On Feb. 6, Igor Sadikov, an elected student representative at McGill University, tweeted “punch a zionist today” (sic). The statement stirred some reaction, though not the universal revulsion that should greet incitement to political violence in Canada. The Student Society of McGill University (SSMU), on which Sadikov serves as an elected representative, has declined to condemn him or remove him from his position.
Instead, the brunt of vitriol appears to have been reserved for another member of the SSMU – one who is Jewish. At a public meeting where the violence-inciting statement of a councilor should have been the top agenda item, the tables turned and, instead, Jasmine Segal, a fellow councilor, who told the audience she is a Zionist, was singled out for condemnation.
The McGill Daily, a student-run newspaper that has an explicit policy of refusing to publish anything perceived as pro-Israel, has been a voice on campus emboldening voices like Sadikov’s. In writing about the SSMU meeting – under a header boldly declaring the article “News,” as opposed to commentary or opinion – the paper “reported” that “many at McGill and in the wider world are portraying it as an incitement to antisemitic violence.”
For the education of readers, the author of the piece explained: “This interpretation rests on the conflation of Zionism with Jewishness which, while widely believed, is in fact a misconception; many Jewish people do not identify with the settler-colonial ideology of Zionism or the goals and actions of the state of Israel.”

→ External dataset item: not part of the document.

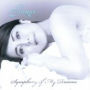 Symphony of My Dreams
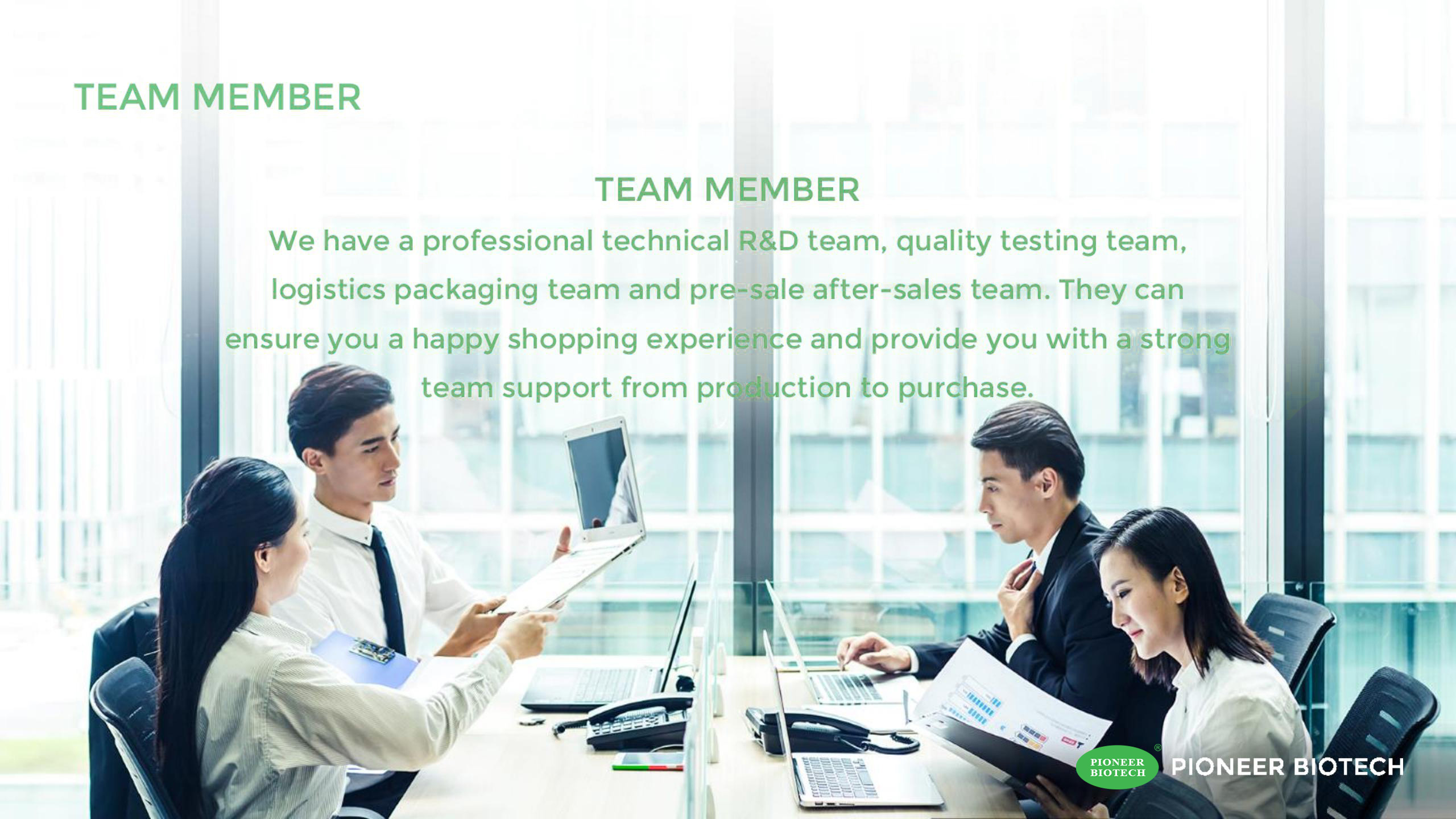 TEAM MEMBER.jpg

One member of the audience at the meeting said he felt personally threatened by Sadikov’s tweet, in response to which a student who identified herself as Palestinian declared that she felt unsafe because there is a self-avowed Zionist on council.
“Since SSMU has a social justice mandate,” she asked, according to the Daily account, “why does it allow Zionist councilors on council, when Zionist ideology is inherently [linked to] ethnically cleansing Palestinians?”

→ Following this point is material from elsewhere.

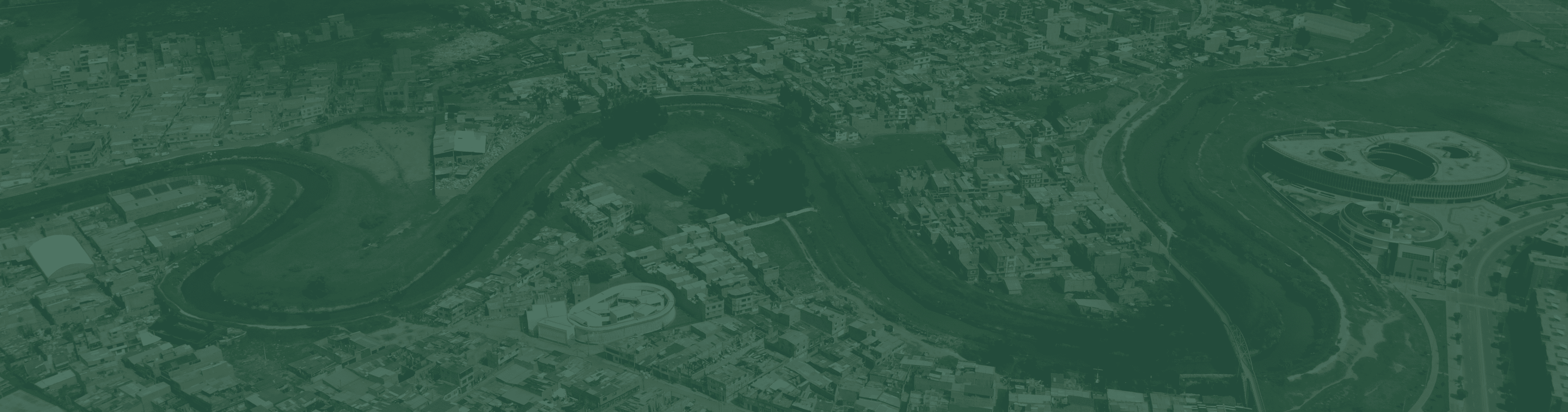 imagen de encabezado del proyecto traslucido a verde aguamarina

On a Facebook post after the meeting, Segal wrote about being targeted by the audience and abandoned by her colleagues on council.
“I was left isolated and alone to respond,” she wrote, in a statement that has been widely shared. “My fellow representatives sat in silence and permitted this malicious, prejudicial and unjustified attack to continue. Instead of rising to state that this abusive conduct would not be tolerated at this meeting and at McGill at large, I was left alone to answer prejudicial questions that should not have had such a platform. I was under attack and did the best I could to try and redirect to the issues of the meeting and … bring down the rising temperature in the room.”
The fact that most of Sadikov’s colleagues on the student society stood by him and that it has been Segal who has been made to feel like the wrongful party is not surprising. It is reflective of a general lack of compassion and listening, including among those who claim to be stewards of social justice and intercultural understanding.
Time was critics would specify that they are condemning policies of the Israeli government, not Israel’s right to exist. Now, the journalistic voice of students at McGill University just declares that the movement for Jewish self-determination has nothing at all to do with Jews, and a student considers themself “unsafe” in the mere presence of an individual who believes the Jewish people have a right to a homeland. Worst of all, even when someone literally calls for violence against fellow human beings, the overall reaction is not to condemn such incitement, but to turn against the Jew in the room.